Покосившись на этот своеобразный Останкинско-Бакулевский дуэт, которому я сейчас объективно не нужна, я подхожу к сумке. Вынимаю сигареты и выхожу в холл. Ищу выход на лестницу. Немного подумав, толкаю выкрашенную серым дверь, которая, судя по бело-зеленому знаку с бегущим человечком, как раз и ведет туда, куда мне нужно, и выбираюсь на лестничную площадку. Пахнет сыростью и бетоном. Провожу пальцем по перилам. Убедившись в отсутствии пыли, облокачиваюсь и смотрю вниз, на убегающие ступени. Сую сигарету в рот, чиркаю зажигалкой и – ё-ты-моё! – вижу на противоположной стене табличку с перечеркнутой сигаретой. Курить, откровенно говоря, хочется до безумия, но представив, как меня под белые руки с позором выводят из «Бакулевского» плюс последующий за этим едкий комментарий от Абгаряна и, что ещё хуже, от Сечина, чертыхаюсь и бросаю сигарету обратно в пачку. «Так я с вами вообще курить завяжу», – злобно думаю я. Ещё бы: в «Бакулевском» курить нельзя, в поликлинике – нельзя, в детском доме – нельзя, при Даньке тоже нельзя. Ну и где тогда можно?
С этими мыслями (и в соответствующем настроении) возвращаюсь обратно в музей, пообещав себе завтра купить жевачку.
– А, это ты? – услышав мои шаги, рассеянно поднимает голову Димка. – Слушай, а мы тут почти всё закончили.
«Он что, вообще не заметил, как я выходила?» Рассматриваю Карину, безмятежно поправляющую в ухе сережку.
– Значит так, милые девушки, – Димка встает, – вы пока чем-нибудь займитесь – поболтайте, погуляйте или просто так посидите – только, ради Бога, не трогайте меня хотя бы минут десять, потому что я хочу кое над чем подумать.
Выдав это, Абгарян забирает «планшетник» и, покрутив головой в поисках подходящего места, отходит к окну, где стоит третий стул.
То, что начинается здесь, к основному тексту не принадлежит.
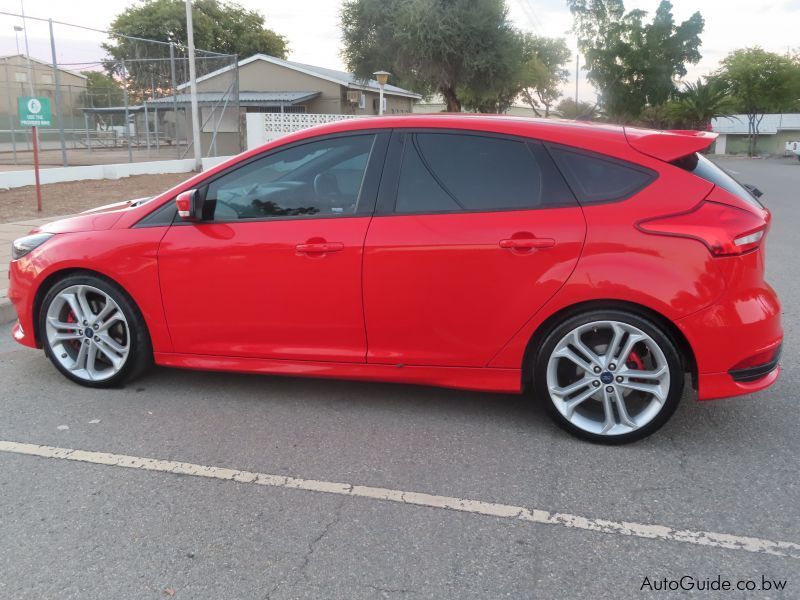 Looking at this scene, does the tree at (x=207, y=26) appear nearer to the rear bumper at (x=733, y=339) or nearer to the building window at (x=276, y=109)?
the building window at (x=276, y=109)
Садится, по привычке стекает на копчике вниз, широко расставляет ноги и, беззвучно шевеля губами, утыкается в дисплей. Карина тоже поднимается и медленно подходит ко мне, наблюдая за тем, как я прячу в сумку сигареты.
– Я не курила, – на всякий случай предупреждаю я.
– Я так и поняла. У меня бывший мой курит, – и Карина с грустным лицом машет перед носом ладонью, показывая, что курильщиков по запаху можно узнать за версту. Указывает подбородком на Димку: – А Дима что сейчас делает?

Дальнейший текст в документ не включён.